- Problem statement: Quote the entries below from the line with "Apartamento - Alugar" through the line with "Second-hand car spare", both ends included, and only those lines.

Stored data entries
======

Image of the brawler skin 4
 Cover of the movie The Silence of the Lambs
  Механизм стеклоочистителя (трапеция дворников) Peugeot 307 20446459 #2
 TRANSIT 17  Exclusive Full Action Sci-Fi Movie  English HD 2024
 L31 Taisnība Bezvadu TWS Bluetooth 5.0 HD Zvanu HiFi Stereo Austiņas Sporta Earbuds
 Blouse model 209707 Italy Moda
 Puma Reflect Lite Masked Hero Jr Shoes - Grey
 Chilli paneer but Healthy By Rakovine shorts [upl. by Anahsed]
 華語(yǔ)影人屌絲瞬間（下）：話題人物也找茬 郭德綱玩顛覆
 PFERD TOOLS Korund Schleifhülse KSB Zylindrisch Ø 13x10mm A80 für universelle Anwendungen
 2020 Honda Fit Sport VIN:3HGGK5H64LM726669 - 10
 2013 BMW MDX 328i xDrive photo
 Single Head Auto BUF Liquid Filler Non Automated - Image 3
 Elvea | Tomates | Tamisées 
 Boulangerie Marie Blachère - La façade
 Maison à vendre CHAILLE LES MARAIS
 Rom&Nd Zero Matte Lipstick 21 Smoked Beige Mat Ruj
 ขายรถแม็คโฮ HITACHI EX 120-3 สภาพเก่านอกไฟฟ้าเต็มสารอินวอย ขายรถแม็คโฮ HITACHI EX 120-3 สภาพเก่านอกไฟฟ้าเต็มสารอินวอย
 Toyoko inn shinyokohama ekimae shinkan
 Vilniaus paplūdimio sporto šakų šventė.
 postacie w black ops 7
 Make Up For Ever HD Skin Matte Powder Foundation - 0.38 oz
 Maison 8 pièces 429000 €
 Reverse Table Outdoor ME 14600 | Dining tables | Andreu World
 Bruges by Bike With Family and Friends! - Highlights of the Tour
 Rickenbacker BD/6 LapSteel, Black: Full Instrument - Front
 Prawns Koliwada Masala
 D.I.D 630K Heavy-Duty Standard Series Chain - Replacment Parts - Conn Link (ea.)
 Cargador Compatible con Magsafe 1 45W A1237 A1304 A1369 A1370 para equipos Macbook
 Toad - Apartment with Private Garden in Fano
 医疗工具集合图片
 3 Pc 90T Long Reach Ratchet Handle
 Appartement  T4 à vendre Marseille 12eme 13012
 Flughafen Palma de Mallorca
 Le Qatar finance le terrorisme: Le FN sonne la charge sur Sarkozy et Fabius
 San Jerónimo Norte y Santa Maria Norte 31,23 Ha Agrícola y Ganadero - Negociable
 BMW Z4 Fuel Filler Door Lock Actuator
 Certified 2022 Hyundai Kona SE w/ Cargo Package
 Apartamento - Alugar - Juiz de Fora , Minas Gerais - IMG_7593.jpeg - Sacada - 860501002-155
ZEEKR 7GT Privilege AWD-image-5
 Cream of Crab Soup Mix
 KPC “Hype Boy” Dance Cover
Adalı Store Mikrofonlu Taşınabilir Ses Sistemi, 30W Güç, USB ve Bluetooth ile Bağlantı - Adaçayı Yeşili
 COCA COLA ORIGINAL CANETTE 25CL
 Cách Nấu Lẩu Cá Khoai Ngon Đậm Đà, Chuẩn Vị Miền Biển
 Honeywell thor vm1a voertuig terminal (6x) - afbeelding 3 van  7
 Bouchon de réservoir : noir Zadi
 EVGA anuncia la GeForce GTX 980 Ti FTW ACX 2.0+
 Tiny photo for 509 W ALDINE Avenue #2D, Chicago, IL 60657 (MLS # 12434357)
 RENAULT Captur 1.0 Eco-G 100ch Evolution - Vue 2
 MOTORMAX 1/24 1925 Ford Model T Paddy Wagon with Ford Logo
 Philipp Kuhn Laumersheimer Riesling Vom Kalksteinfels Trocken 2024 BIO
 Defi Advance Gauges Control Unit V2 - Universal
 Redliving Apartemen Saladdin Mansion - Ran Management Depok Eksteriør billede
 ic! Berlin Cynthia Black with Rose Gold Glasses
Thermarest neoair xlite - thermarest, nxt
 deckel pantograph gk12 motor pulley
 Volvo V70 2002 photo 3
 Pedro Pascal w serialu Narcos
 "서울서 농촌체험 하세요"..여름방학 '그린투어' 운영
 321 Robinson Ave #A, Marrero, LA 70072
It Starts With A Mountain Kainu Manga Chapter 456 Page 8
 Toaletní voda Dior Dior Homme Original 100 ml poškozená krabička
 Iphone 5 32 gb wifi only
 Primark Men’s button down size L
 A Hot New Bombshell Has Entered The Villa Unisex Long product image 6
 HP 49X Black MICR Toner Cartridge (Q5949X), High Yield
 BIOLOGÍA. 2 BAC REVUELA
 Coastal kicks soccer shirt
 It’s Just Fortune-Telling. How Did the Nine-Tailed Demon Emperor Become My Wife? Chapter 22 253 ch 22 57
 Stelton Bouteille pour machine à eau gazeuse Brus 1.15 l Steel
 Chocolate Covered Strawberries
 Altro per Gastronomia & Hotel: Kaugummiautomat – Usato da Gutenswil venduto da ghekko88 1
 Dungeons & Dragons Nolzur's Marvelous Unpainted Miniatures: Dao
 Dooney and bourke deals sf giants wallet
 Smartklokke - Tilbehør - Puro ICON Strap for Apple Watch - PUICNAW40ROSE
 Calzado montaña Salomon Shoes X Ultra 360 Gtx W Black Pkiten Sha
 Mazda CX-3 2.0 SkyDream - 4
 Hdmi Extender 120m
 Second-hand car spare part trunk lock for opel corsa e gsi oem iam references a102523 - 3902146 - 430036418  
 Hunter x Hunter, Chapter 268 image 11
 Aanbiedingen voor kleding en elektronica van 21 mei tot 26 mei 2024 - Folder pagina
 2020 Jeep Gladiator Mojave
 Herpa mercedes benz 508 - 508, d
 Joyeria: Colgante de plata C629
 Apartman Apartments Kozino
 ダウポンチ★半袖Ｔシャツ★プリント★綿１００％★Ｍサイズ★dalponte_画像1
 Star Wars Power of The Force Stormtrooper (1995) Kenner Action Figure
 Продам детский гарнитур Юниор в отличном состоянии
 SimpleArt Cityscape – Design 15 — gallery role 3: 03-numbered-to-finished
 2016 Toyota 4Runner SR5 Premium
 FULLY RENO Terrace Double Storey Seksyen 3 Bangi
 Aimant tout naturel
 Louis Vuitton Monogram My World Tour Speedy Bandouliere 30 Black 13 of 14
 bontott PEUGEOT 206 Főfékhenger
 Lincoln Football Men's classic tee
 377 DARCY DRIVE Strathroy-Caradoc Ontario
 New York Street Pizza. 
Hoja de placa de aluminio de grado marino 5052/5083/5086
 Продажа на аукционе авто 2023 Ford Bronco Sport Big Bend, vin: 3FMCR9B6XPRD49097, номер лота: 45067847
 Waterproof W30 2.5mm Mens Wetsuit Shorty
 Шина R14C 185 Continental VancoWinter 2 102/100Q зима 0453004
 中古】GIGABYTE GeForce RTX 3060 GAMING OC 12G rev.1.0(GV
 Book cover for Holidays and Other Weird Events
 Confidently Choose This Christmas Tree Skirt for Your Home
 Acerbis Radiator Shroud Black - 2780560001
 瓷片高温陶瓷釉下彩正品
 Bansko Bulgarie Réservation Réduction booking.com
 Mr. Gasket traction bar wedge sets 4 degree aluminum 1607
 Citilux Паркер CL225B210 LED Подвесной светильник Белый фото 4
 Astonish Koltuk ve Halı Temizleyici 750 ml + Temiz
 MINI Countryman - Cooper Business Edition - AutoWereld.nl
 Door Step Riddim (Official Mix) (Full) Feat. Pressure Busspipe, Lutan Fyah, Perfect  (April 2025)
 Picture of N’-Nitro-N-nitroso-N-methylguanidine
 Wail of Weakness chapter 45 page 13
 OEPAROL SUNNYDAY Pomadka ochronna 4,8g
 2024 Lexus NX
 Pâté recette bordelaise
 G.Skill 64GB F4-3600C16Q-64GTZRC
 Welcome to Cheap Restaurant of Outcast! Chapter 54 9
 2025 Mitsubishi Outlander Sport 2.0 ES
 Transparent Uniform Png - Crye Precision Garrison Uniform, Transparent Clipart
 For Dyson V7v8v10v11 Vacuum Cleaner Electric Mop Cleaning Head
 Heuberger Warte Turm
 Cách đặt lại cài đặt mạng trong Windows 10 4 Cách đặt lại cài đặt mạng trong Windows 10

======

- Response area:
 Apartamento - Alugar - Juiz de Fora , Minas Gerais - IMG_7593.jpeg - Sacada - 860501002-155
ZEEKR 7GT Privilege AWD-image-5
 Cream of Crab Soup Mix
 KPC “Hype Boy” Dance Cover
Adalı Store Mikrofonlu Taşınabilir Ses Sistemi, 30W Güç, USB ve Bluetooth ile Bağlantı - Adaçayı Yeşili
 COCA COLA ORIGINAL CANETTE 25CL
 Cách Nấu Lẩu Cá Khoai Ngon Đậm Đà, Chuẩn Vị Miền Biển
 Honeywell thor vm1a voertuig terminal (6x) - afbeelding 3 van  7
 Bouchon de réservoir : noir Zadi
 EVGA anuncia la GeForce GTX 980 Ti FTW ACX 2.0+
 Tiny photo for 509 W ALDINE Avenue #2D, Chicago, IL 60657 (MLS # 12434357)
 RENAULT Captur 1.0 Eco-G 100ch Evolution - Vue 2
 MOTORMAX 1/24 1925 Ford Model T Paddy Wagon with Ford Logo
 Philipp Kuhn Laumersheimer Riesling Vom Kalksteinfels Trocken 2024 BIO
 Defi Advance Gauges Control Unit V2 - Universal
 Redliving Apartemen Saladdin Mansion - Ran Management Depok Eksteriør billede
 ic! Berlin Cynthia Black with Rose Gold Glasses
Thermarest neoair xlite - thermarest, nxt
 deckel pantograph gk12 motor pulley
 Volvo V70 2002 photo 3
 Pedro Pascal w serialu Narcos
 "서울서 농촌체험 하세요"..여름방학 '그린투어' 운영
 321 Robinson Ave #A, Marrero, LA 70072
It Starts With A Mountain Kainu Manga Chapter 456 Page 8
 Toaletní voda Dior Dior Homme Original 100 ml poškozená krabička
 Iphone 5 32 gb wifi only
 Primark Men’s button down size L
 A Hot New Bombshell Has Entered The Villa Unisex Long product image 6
 HP 49X Black MICR Toner Cartridge (Q5949X), High Yield
 BIOLOGÍA. 2 BAC REVUELA
 Coastal kicks soccer shirt
 It’s Just Fortune-Telling. How Did the Nine-Tailed Demon Emperor Become My Wife? Chapter 22 253 ch 22 57
 Stelton Bouteille pour machine à eau gazeuse Brus 1.15 l Steel
 Chocolate Covered Strawberries
 Altro per Gastronomia & Hotel: Kaugummiautomat – Usato da Gutenswil venduto da ghekko88 1
 Dungeons & Dragons Nolzur's Marvelous Unpainted Miniatures: Dao
 Dooney and bourke deals sf giants wallet
 Smartklokke - Tilbehør - Puro ICON Strap for Apple Watch - PUICNAW40ROSE
 Calzado montaña Salomon Shoes X Ultra 360 Gtx W Black Pkiten Sha
 Mazda CX-3 2.0 SkyDream - 4
 Hdmi Extender 120m
 Second-hand car spare part trunk lock for opel corsa e gsi oem iam references a102523 - 3902146 - 430036418  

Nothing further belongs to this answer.